With this information, a malicious app could locate, geolocate and track any Android device right down to a street address. In addition, a hacker could look around a Wi-Fi network unchallenged, and even attack it. There is some good news and bad news about this vulnerability. The good news is that Google apparently fixed the flaw with Android 9.0 Pie. The bad news is that less than .1% of Android users are running the latest build of Android on their phones. Nightwatch Cybersecurity says that Google is not planning on fixing this flaw on older versions of the OS.

Not only are older Android devices running pre-Pie builds vulnerable to this flaw, devices powered by a forked version of Android are also open to this attack. Amazon's Fire Phone and Fire Tablets are driven by this variant of Google's open source operating system, which relies on apps and content from Amazon instead of Google.



> "System broadcasts by Android OS expose information about the user’s device to all applications running on the device. This includes the WiFi network name, BSSID, local IP addresses, DNS server information and the MAC address. Some of this information (MAC address) is no longer available via APIs on Android 6 and higher, and extra permissions are normally required to access the rest of this information. However, by listening to these broadcasts, any application on the device can capture this information thus bypassing any permission checks and existing mitigations."-Nightwatch Cybersecurity



Unfortunately, with Google deciding not to protect older versions of Android, and the distribution of Android 9.0 Pie as limited as any new Android build, your best bet is to refrain from sideloading any unofficial app that could be used to take advantage of the vulnerability.

​And what is it all about?

According to the team, Android seo-Fi connection and the network interface using two functions. These are: WifiManager: NETWORK_STATE_CHANGED_ACTION and WIFI_P2P_THIS_DEVICE_CHANGED_ACTION WifiPanager2. This information includes the MAC address of the device, the BSSID and the name of the IP address. At the same time, they are available for all applications.

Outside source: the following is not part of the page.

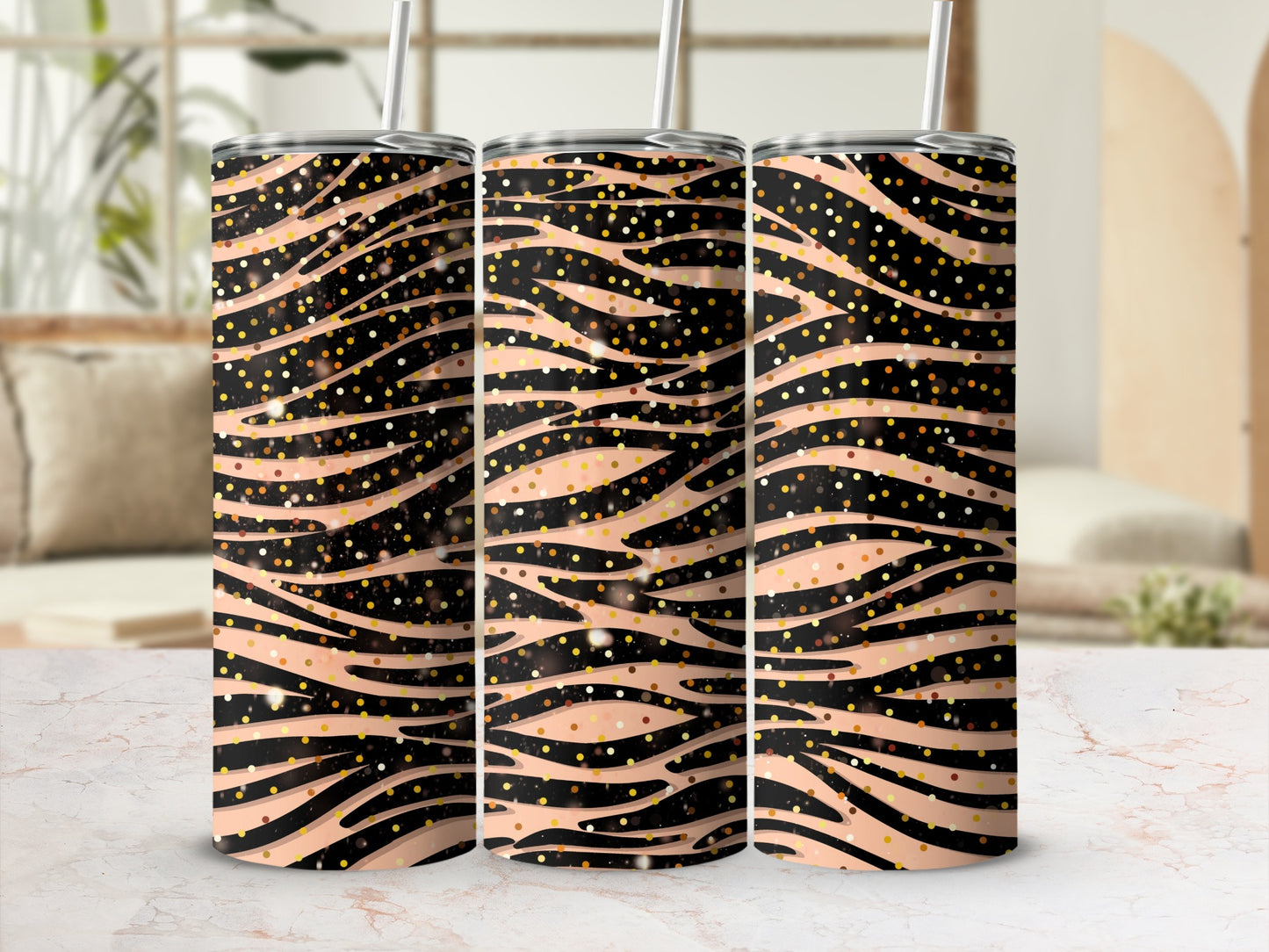Pink and Black Abstract Polka Dot Tumbler Design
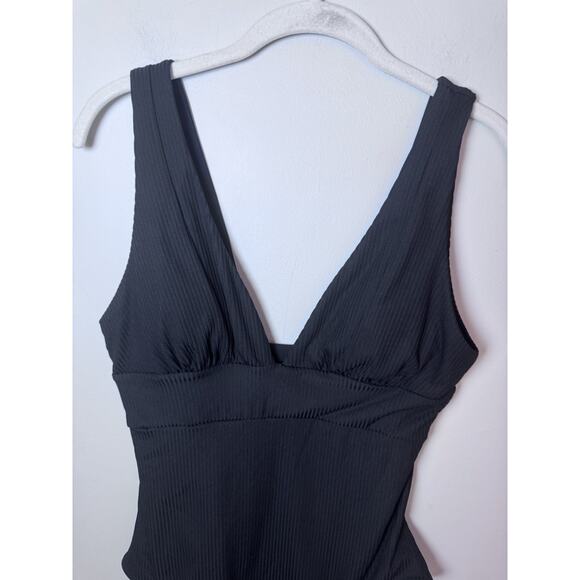 Andie Swim The Mykonos Rib One Piece Long Torso Swimsuit Black size M Tall NEW - Picture 8 of 16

Applications can also access this information via the WifiManager class. Typically, this requires permission "ACCESS_WIFI_STATE" in the application manifest. Geo-location via Wi-Fi usually requires "ACCESS_FINE_LOCATION" or "ACCESS_COARSE_LOCATION." What's more, on Android systems version 6.0 and newer, the actual transmissions does not need any of them, it is possible to receive the MAC address on the Android 6.0 or newer.


----------



## ralphbsz (Sep 5, 2018)

Sorry, but your headline is sensationalistic and wrong.  The problem is not "Any Android device ... can be tracked and located".  Instead, it should read: "Any Android device where the user has installed malicious software can be tracked and located".  The problem is not Android itself; the problem is that Android failed to protect this particular bit of information against malicious software.  Which the human user must have intentionally (albeit perhaps unknowingly) installed.

What do we learn from this?  Do not install software that is not trustworthy.  Now, we know that this rule is often ignored, which is why more modern versions of Android have "belt and suspenders": Even if you do install malicious software, it can not exploit this particular hole.


----------